# [ABOUT THIS TASK]
Set down every entry exactly as given. Pictures are to be left out.

----

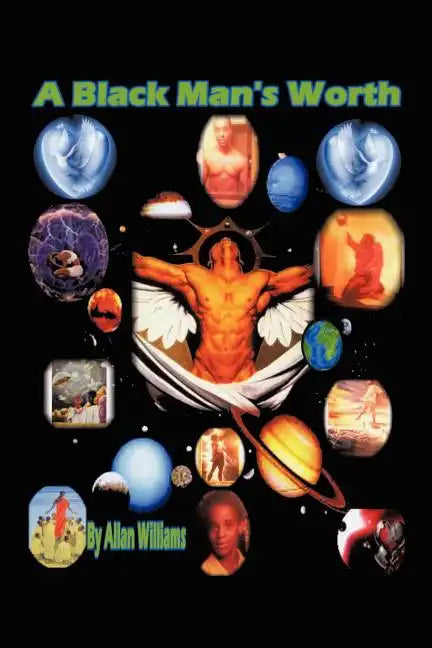 A Black Man's Worth - Paperback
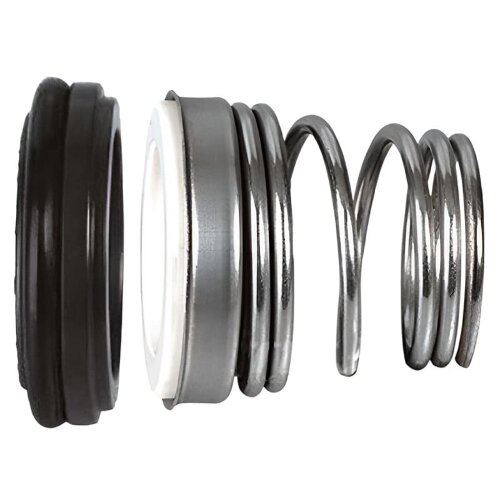 Uszczelnienie pompy R-BT-FN 17, SIC/SIC, VITON, 316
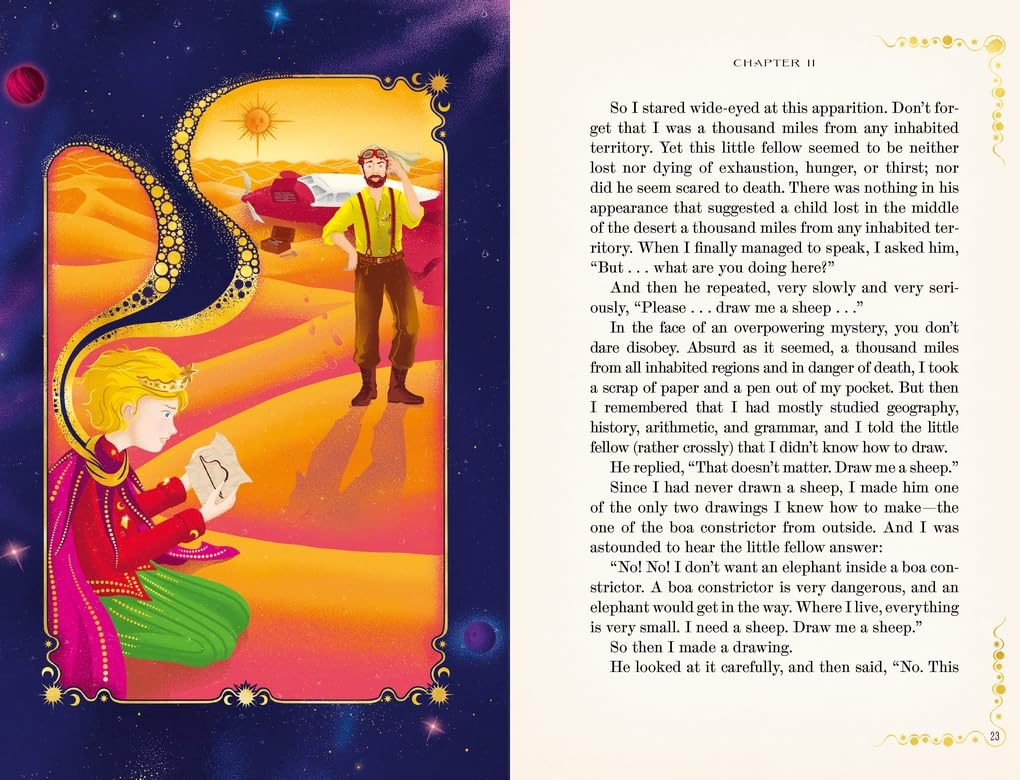 The Little Prince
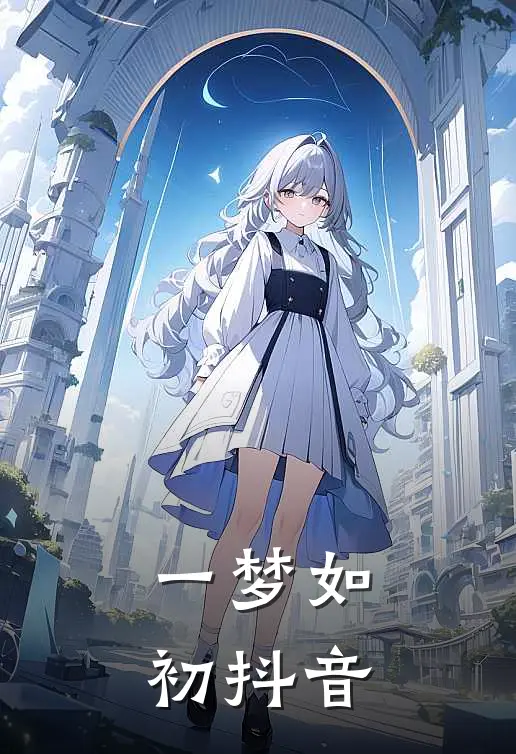 一梦如初抖音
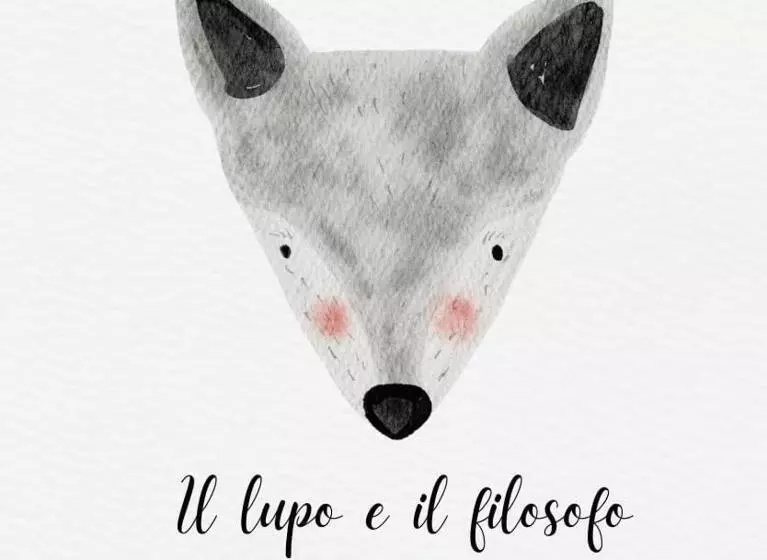 Il Lupo E Il Filosofo B&b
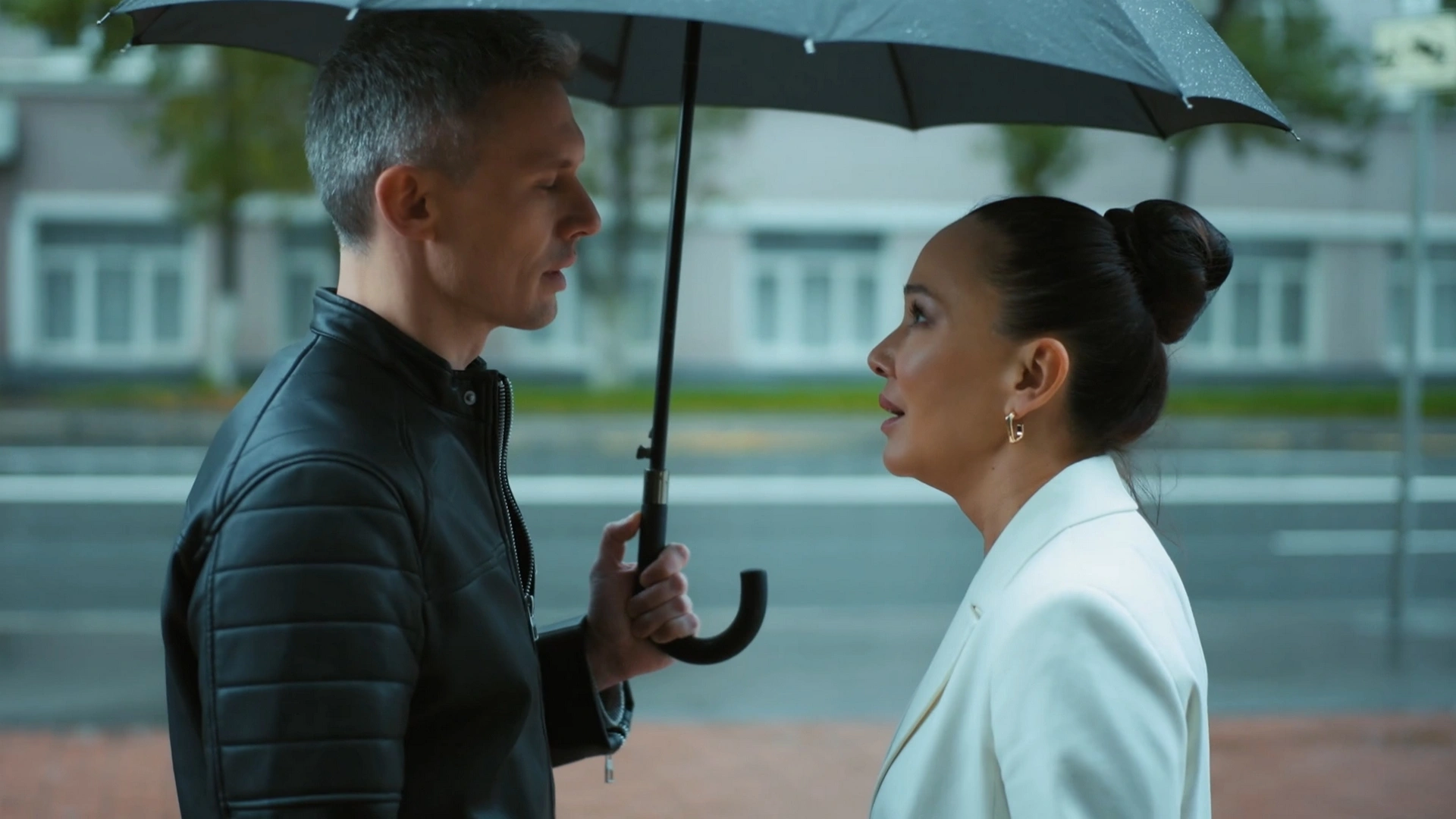 30 серия. Человеческий фактор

----

# [ANSWER SPACE]
 A Black Man's Worth - Paperback
 Uszczelnienie pompy R-BT-FN 17, SIC/SIC, VITON, 316
 The Little Prince
 一梦如初抖音
 Il Lupo E Il Filosofo B&b
 30 серия. Человеческий фактор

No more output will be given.